▸ Exercise description
Your job is to transcribe all the records that follow, excluding any pictures.
(Given data)
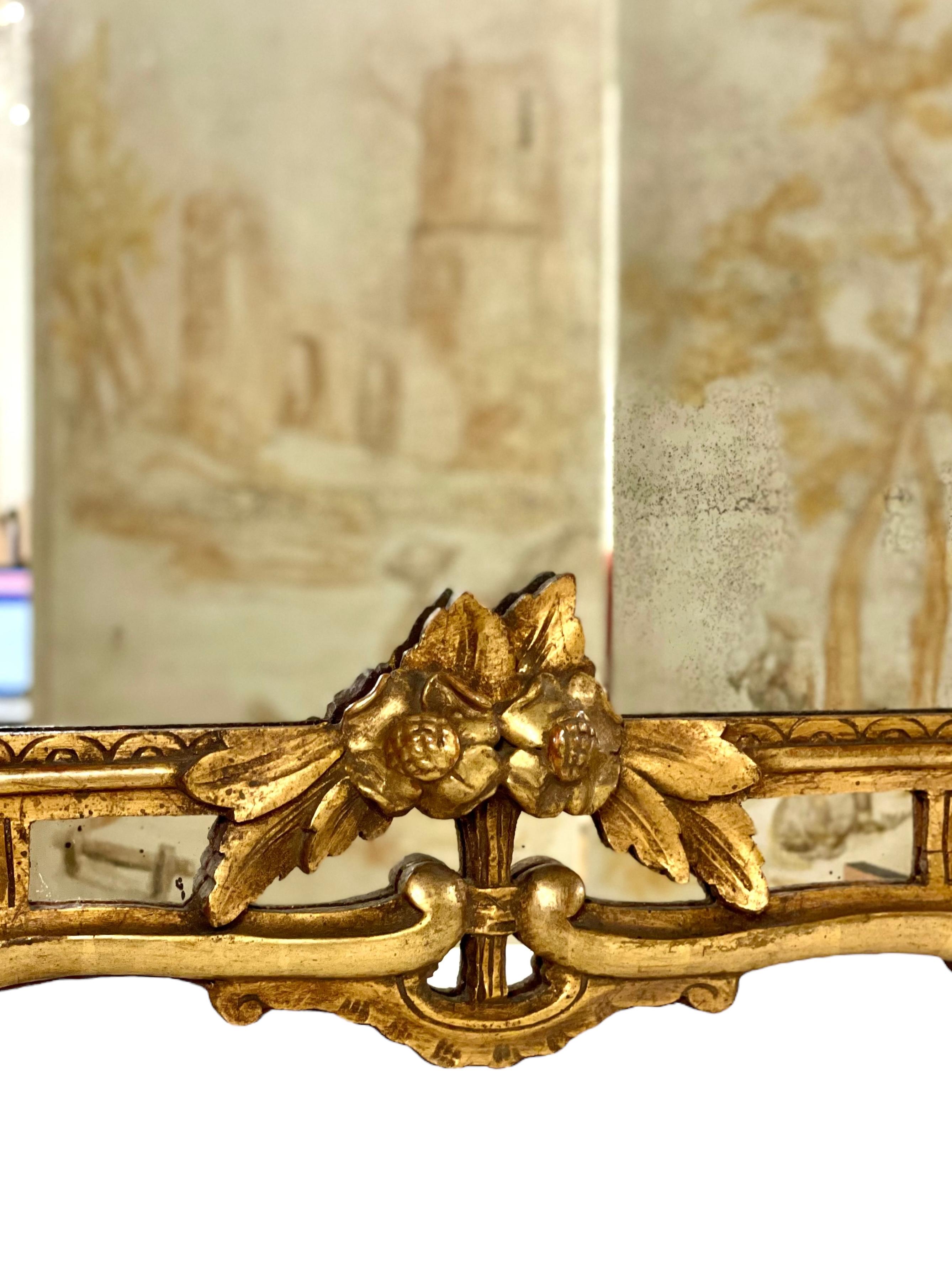 Français Miroir de cheminée en bois doré Régence du XIXe siècle en vente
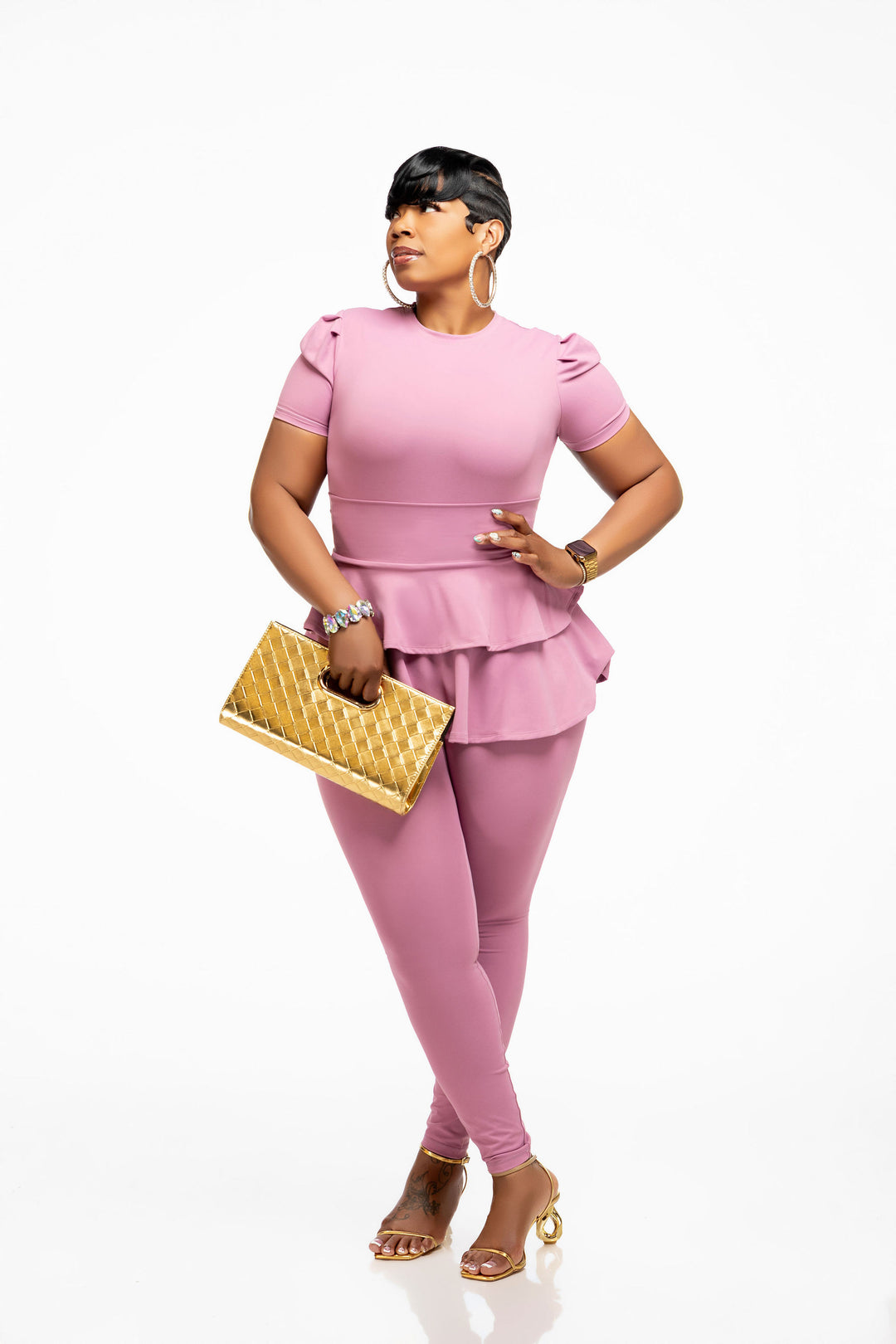 Woman wearing a pink Pooh Wear Work to Workout top , peplum skirt and leggings set on a white background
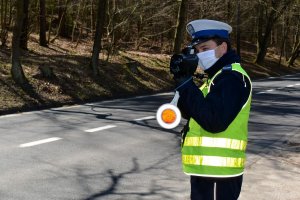 Umundurowany policjant trzymając urządzenie do pomiaru prędkości mierzy prędkość pojazdów stojąc przy ulicy. Za policjantem widać las.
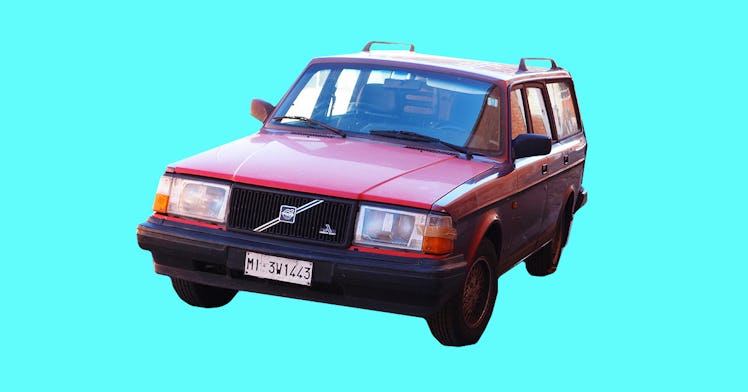 A red vintage Volvo 240 station wagon on a bright blue background
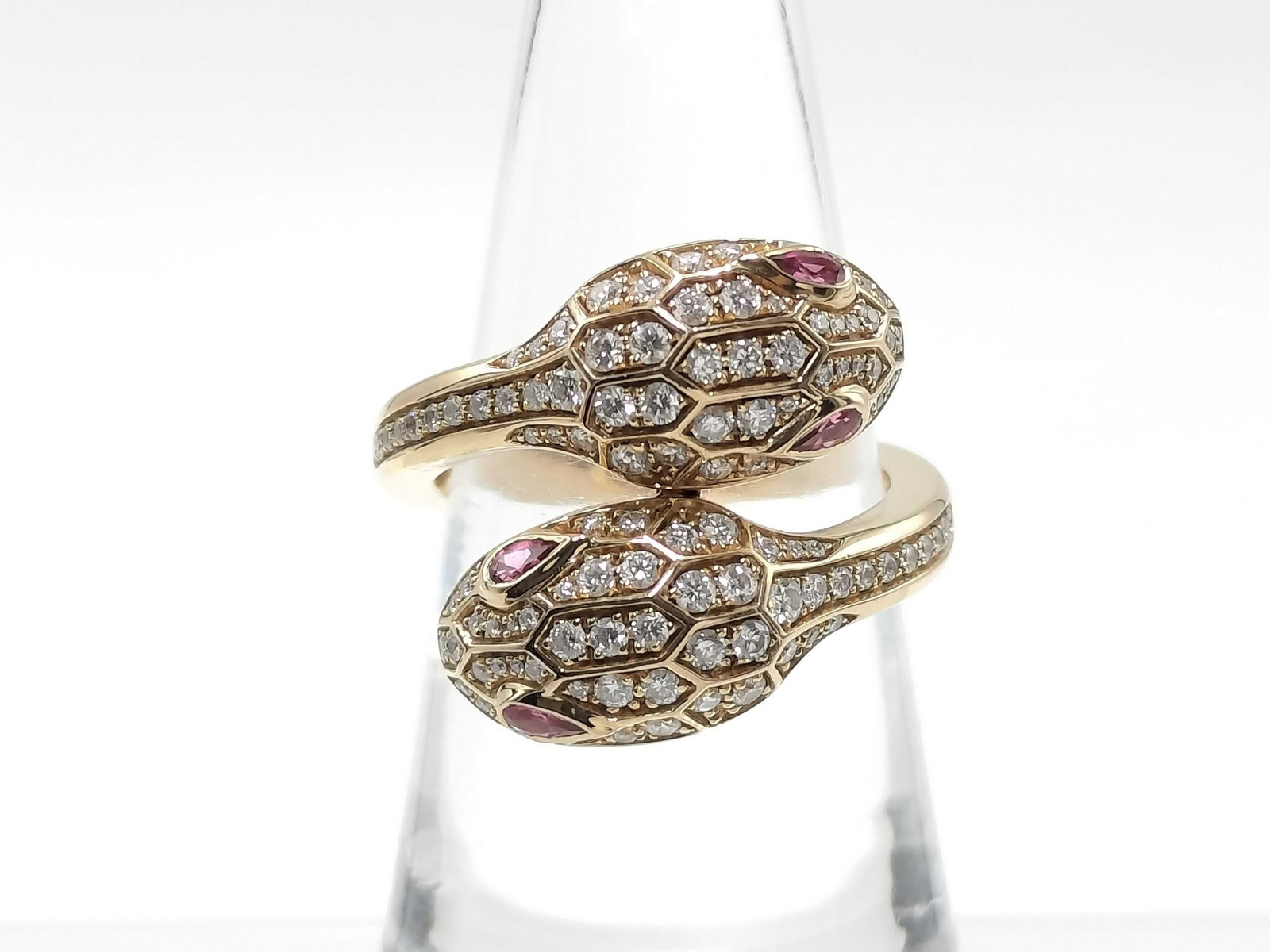 Bvlgari Serpenti Seduttori Diamond Rubellite 18K Rose Gold Ring Size 52: Description: Bvlgari Serpenti Seduttori ring crafted in 18K rose gold and accented with natural diamonds and rubellites. The serpent design combines the brilliance of diamonds with the vibrant color o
(End Given data)
▸ Result below
 Français Miroir de cheminée en bois doré Régence du XIXe siècle en vente
 Woman wearing a pink Pooh Wear Work to Workout top , peplum skirt and leggings set on a white background
 Umundurowany policjant trzymając urządzenie do pomiaru prędkości mierzy prędkość pojazdów stojąc przy ulicy. Za policjantem widać las.
 A red vintage Volvo 240 station wagon on a bright blue background
 Bvlgari Serpenti Seduttori Diamond Rubellite 18K Rose Gold Ring Size 52: Description: Bvlgari Serpenti Seduttori ring crafted in 18K rose gold and accented with natural diamonds and rubellites. The serpent design combines the brilliance of diamonds with the vibrant color o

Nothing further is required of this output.